In attesa di conoscere le precise motivazioni della pronuncia di incostituzionalità, si riporta testualmente il comunicato stampa della Consulta:
«la Corte costituzionale ha esaminato oggi le questioni sollevate dai Tribunali di Salerno e di Bari sulla legittimità costituzionale della pena detentiva prevista per la diffamazione a mezzo stampa, per contrasto, tra l’altro,con l’articolo 21 della Costituzione e con l’articolo 10 della Convenzione europea dei diritti dell’uomo. Le questioni sono tornate all’esame della Corte un anno dopo l’ordinanza n. 132 del 2020 che sollecitava il legislatore a una complessiva riforma della materia. In attesa del deposito della sentenza, l’Ufficio stampa fa sapere che la Corte, preso atto del mancato intervento del legislatore, ha dichiarato incostituzionale l’articolo 13 della legge sulla stampa (n. 47 del 1948) che fa scattare obbligatoriamente, in caso di condanna per diffamazione a mezzo stampa compiuta mediante l’attribuzione di un fatto determinato, la reclusione da uno a sei anni insieme al pagamento di una multa. È stato invece ritenuto compatibile con la Costituzione l’articolo 595, terzo comma, del Codice penale, che prevede, per le ordinarie ipotesi di diffamazione compiute a mezzo della stampa o di un’altra forma di pubblicità, la reclusione da sei mesi a tre anni oppure, in alternativa, il pagamento di una multa. Quest’ultima norma consente infatti al giudice di sanzionare con la pena detentiva i soli casi di eccezionale gravità».
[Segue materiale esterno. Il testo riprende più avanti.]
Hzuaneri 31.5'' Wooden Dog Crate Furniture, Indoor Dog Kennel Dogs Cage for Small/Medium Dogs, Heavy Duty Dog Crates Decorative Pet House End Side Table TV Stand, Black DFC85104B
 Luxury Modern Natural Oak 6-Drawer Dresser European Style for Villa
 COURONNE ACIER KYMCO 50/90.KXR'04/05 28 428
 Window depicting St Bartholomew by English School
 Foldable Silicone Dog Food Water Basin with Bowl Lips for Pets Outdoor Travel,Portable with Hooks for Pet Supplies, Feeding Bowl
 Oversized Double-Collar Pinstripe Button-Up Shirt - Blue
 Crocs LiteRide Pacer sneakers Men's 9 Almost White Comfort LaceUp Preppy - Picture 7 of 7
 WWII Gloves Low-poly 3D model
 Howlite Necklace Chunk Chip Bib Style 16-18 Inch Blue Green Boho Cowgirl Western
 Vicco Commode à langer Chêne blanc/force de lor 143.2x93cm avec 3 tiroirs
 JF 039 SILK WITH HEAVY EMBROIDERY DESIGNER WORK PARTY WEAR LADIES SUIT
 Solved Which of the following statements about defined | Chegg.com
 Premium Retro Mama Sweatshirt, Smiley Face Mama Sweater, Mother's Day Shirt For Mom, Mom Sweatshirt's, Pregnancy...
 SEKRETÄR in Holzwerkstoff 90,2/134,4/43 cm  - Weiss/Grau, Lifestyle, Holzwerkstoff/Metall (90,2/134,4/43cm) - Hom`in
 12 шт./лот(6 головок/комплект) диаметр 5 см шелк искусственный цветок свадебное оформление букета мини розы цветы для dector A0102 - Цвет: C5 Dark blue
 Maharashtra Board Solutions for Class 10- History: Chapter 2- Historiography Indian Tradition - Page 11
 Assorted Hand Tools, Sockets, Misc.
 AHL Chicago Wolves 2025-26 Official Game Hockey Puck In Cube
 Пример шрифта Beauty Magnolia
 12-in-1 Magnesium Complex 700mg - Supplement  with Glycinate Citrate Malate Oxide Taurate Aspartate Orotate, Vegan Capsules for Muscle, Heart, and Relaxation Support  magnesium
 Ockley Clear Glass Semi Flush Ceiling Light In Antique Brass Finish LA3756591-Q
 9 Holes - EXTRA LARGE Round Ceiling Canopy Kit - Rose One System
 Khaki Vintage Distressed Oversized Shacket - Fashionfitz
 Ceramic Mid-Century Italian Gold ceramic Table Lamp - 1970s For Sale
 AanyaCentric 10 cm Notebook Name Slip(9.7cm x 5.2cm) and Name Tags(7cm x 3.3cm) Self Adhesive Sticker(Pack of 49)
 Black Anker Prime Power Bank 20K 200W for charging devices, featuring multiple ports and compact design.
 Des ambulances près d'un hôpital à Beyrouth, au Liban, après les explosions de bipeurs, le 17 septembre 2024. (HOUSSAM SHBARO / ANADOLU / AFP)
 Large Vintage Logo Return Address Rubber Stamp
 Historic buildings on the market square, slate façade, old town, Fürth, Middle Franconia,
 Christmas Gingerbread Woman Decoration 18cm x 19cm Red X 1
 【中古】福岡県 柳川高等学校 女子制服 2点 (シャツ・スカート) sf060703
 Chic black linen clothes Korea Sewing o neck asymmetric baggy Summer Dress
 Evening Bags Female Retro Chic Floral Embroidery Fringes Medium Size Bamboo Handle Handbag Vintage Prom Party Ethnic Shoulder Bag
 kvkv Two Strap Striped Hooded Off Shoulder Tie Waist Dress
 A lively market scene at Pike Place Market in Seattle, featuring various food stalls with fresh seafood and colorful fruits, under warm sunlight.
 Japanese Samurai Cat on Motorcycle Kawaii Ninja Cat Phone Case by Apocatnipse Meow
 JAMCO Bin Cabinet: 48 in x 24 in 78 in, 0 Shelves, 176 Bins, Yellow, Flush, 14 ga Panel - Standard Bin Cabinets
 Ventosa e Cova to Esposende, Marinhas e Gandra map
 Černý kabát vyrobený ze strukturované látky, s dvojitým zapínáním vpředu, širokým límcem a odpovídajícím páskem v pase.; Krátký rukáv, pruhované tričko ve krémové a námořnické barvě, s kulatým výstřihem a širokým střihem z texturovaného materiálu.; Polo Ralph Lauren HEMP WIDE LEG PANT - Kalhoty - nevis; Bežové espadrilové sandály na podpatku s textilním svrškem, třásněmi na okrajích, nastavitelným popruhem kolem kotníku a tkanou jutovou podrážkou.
Interessante è la conclusione del comunicato stampa laddove precisa che:
«resta peraltro attuale la necessità di un complessivo intervento del legislatore, in grado di assicurare un più adeguato bilanciamento – che la Corte non ha gli strumenti per compiere – tra libertà di manifestazione del pensiero e tutela della reputazione individuale, anche alla luce dei pericoli sempre maggiori connessi all’evoluzione dei mezzi di comunicazione, già evidenziati nell’ordinanza 132».